= Beginning of Section =

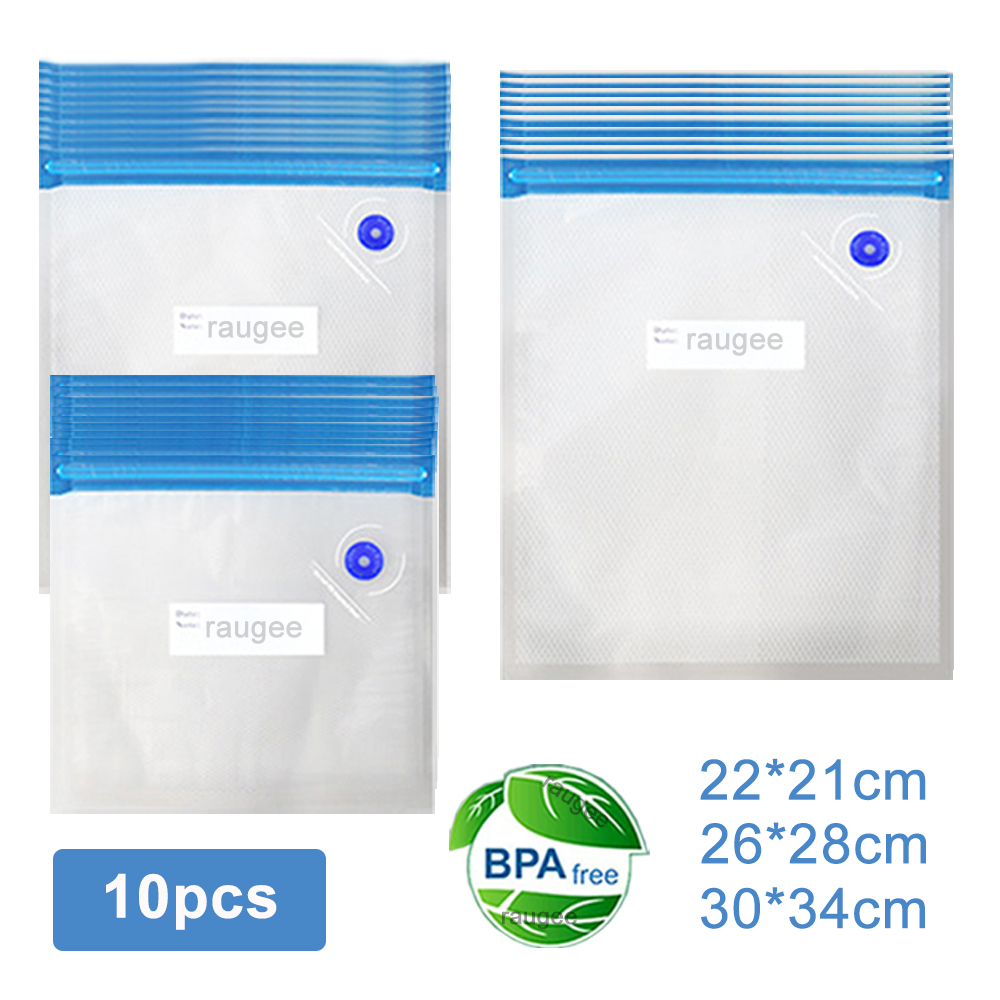 Vacuum Bags Reusable Food Vacu - Food Storage Bag Organizer recension och pris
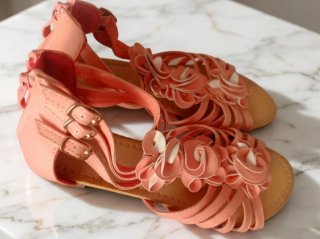 Sandalias florales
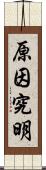 原因究明 Scroll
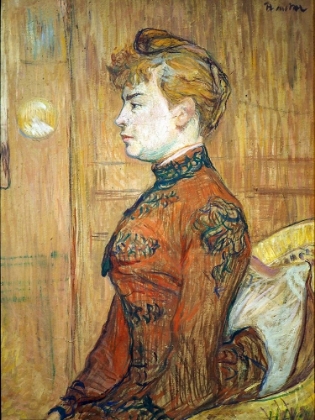 Picture of PORTRAIT STUDY OF A WOMAN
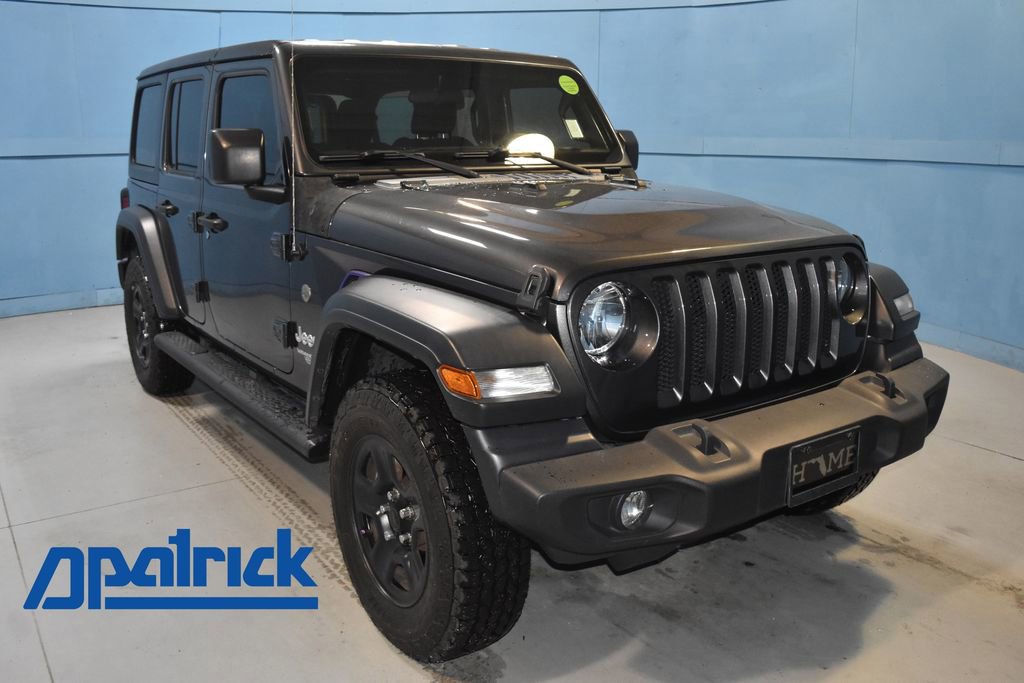 Used 2021 Jeep Wrangler Unlimited Sport image 1
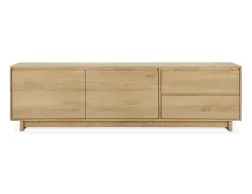 Ethnicraft Wave Tv Unit Oak Natural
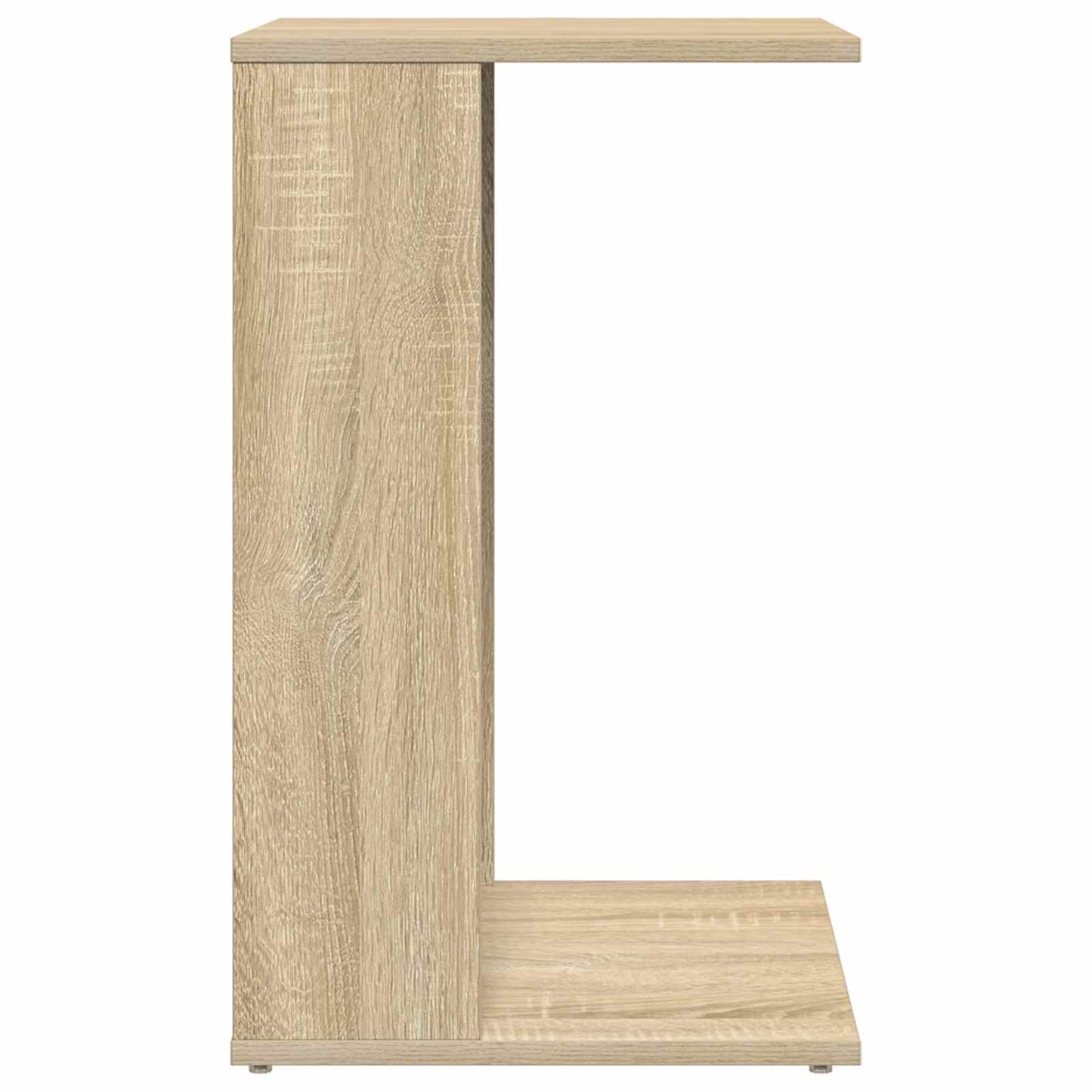 Side Table Sonoma Oak 40 x 38 x 62.5 cm Engineered Wood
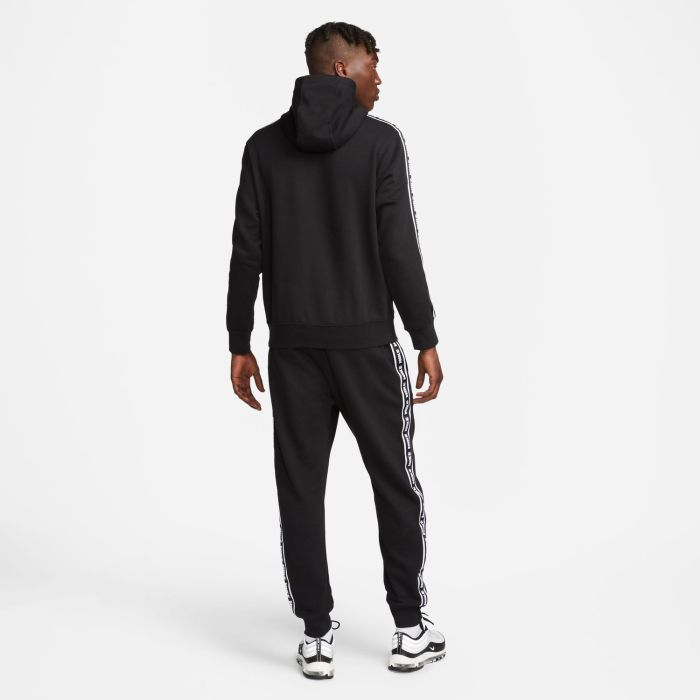 Nike M NK CLUB FLC GX HD TRK SUIT, muška trenerka, crna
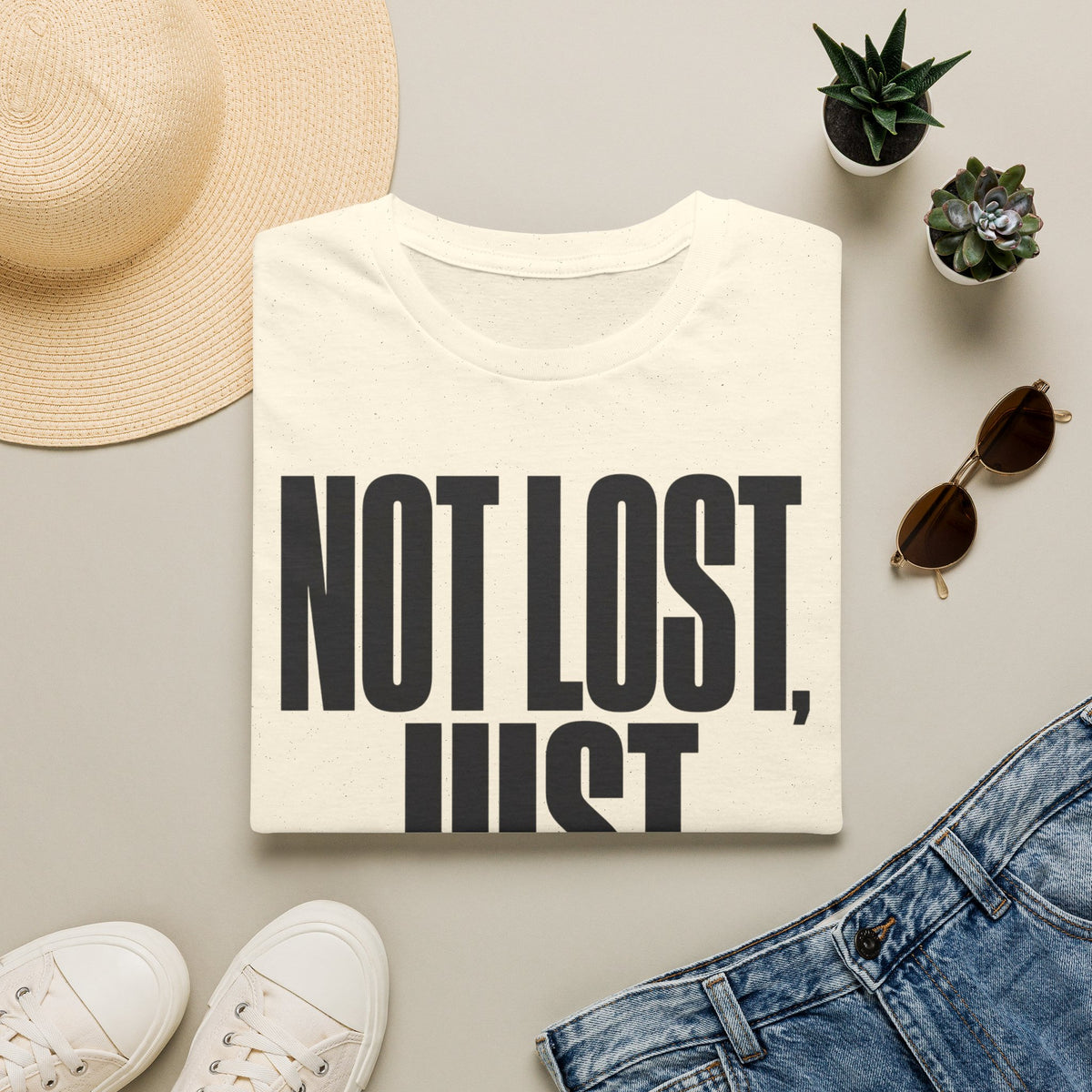 NOT LOST, JUST DIFFERENT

= End of Section =

## [Problem requirements]
Line by line, write out the records above exactly, skipping the pictures.

## [Response area]
 Vacuum Bags Reusable Food Vacu - Food Storage Bag Organizer recension och pris
 Sandalias florales
 原因究明 Scroll
 Picture of PORTRAIT STUDY OF A WOMAN
 Used 2021 Jeep Wrangler Unlimited Sport image 1
 Ethnicraft Wave Tv Unit Oak Natural
 Side Table Sonoma Oak 40 x 38 x 62.5 cm Engineered Wood
 Nike M NK CLUB FLC GX HD TRK SUIT, muška trenerka, crna
 NOT LOST, JUST DIFFERENT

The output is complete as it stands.